The disciplinary focus of this third colloquium will be anthropology.
The participants will together explore why and how anthropologists have dealt with and contributed to shifting ideas of human suffering, emergencies, survival and rescue; the so-called “humanitarian space” and “beneficiary” agency; the social life of humanitarian aid; the role and relevance of humanitarian governance, risk and resilience; and the amalgam of humanitarian principles, moral imperatives, transparency and accountability initiatives, soft regulations and logistical and technological apparatuses governing the distribution or non-distribution of humanitarian aid.

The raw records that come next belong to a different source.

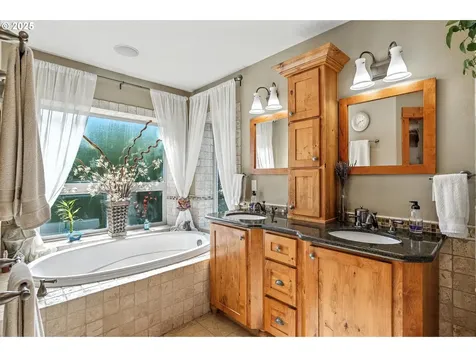 234 SW Eckman Street Mcminnville OR 97128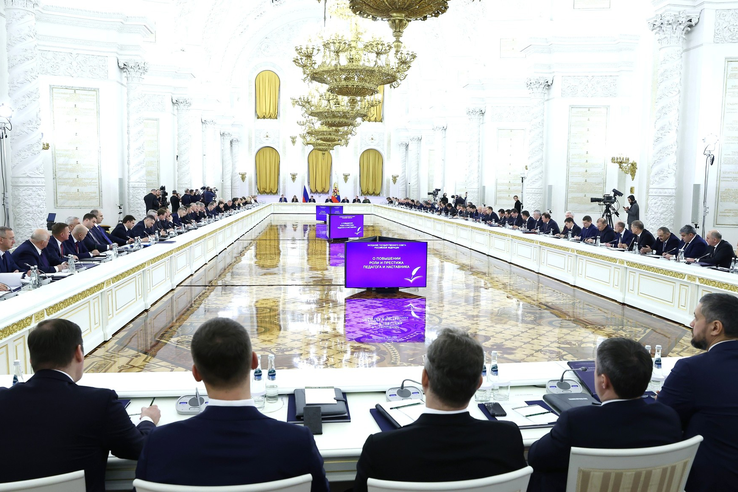 Владимир Путин предложил учредить ежегодную премию «Наставник года»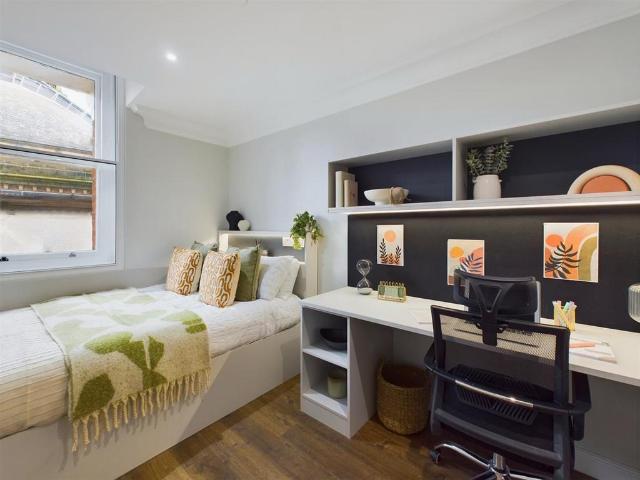 House for rent in Woodhouse, West Yorkshire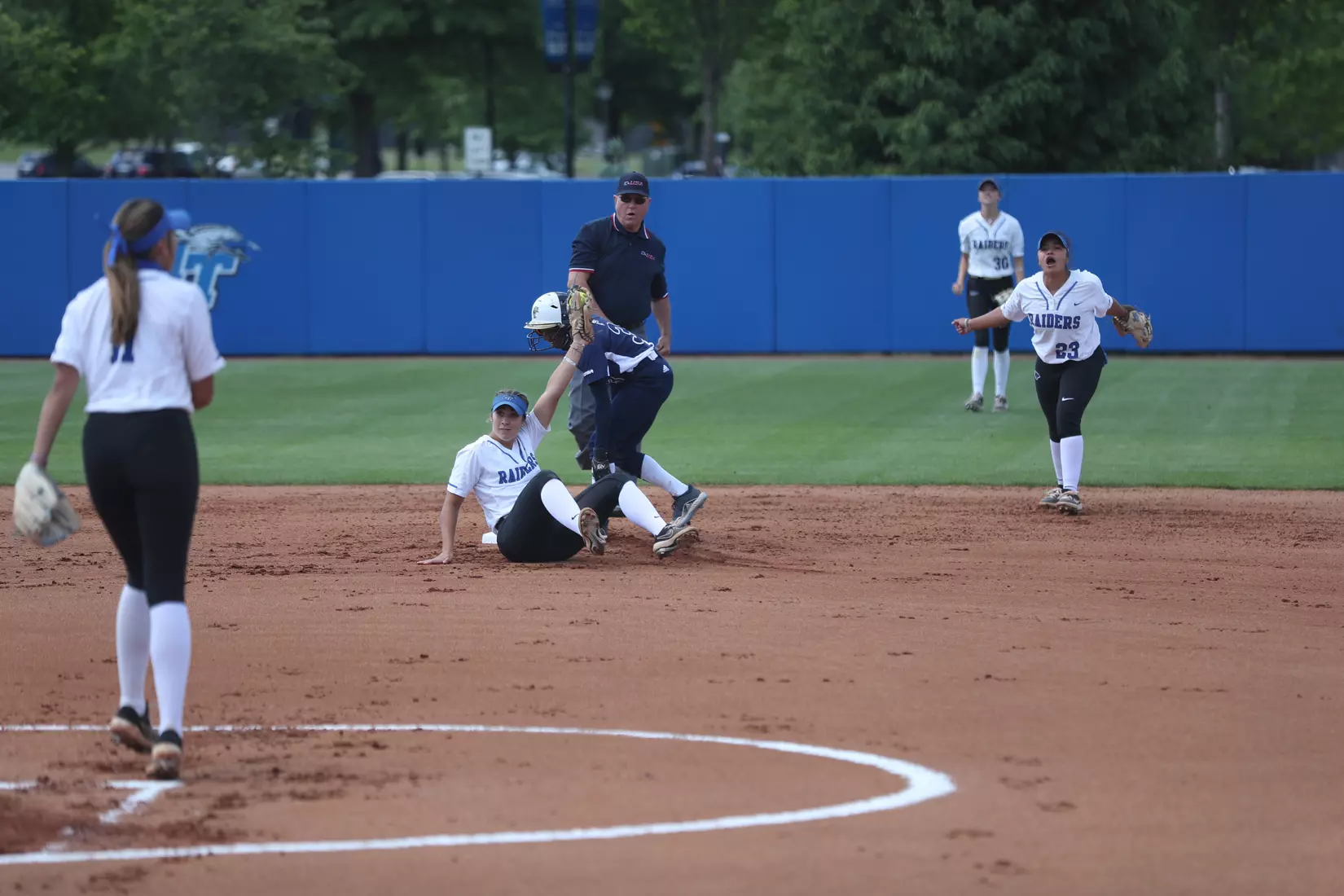 @MT_Softball vs FIU Day 1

While there has been a longstanding and substantial anthropological engagement with the evolution of the development field (bistandssektoren) and the role and practices of Norwegian governmental and civil society actors, limited academic attention has been given to the specific trajectories, organizational shifts and narratives of actors in the Norwegian humanitarian field (nødhjelpssektoren). Policy discourses and popular culture depict Norway as a “humanitarian superpower”, but have received little attention from anthropologists (in contrast to the adjacent fields of peacebuilding and forced migration).
This is a field where anthropology could be much more visible in offering public commentary and critique. In this colloquium we propose to explore the reasons for this knowledge gap through short presentations on the similarities and differences between academic engagements with the humanitarian and the development field. The colloquium will also undertake a collaborative mapping of the questions, problems and actors addressed in the fragmented ethnographic literature on the Norwegian humanitarian field.
Chair: Kristoffer Lidén (PRIO)
- Kristin Bergtora Sandvik (PRIO/UiO): A “Norwegian” anthropology of humanitarianism?
- Cindy Horst (PRIO): The anthropology of forced displacement and refugee studies in Norway.
- Åshild Kolås (PRIO): The anthropology of development and aid in the Norwegian context.
- John Andrew McNeish (NMBU): Anthropological thinking on the “Norwegian do good project”.
- William Derman (NMBU): Anthropological engagements with human suffering: from evolutionism via human rights to humanitarianism.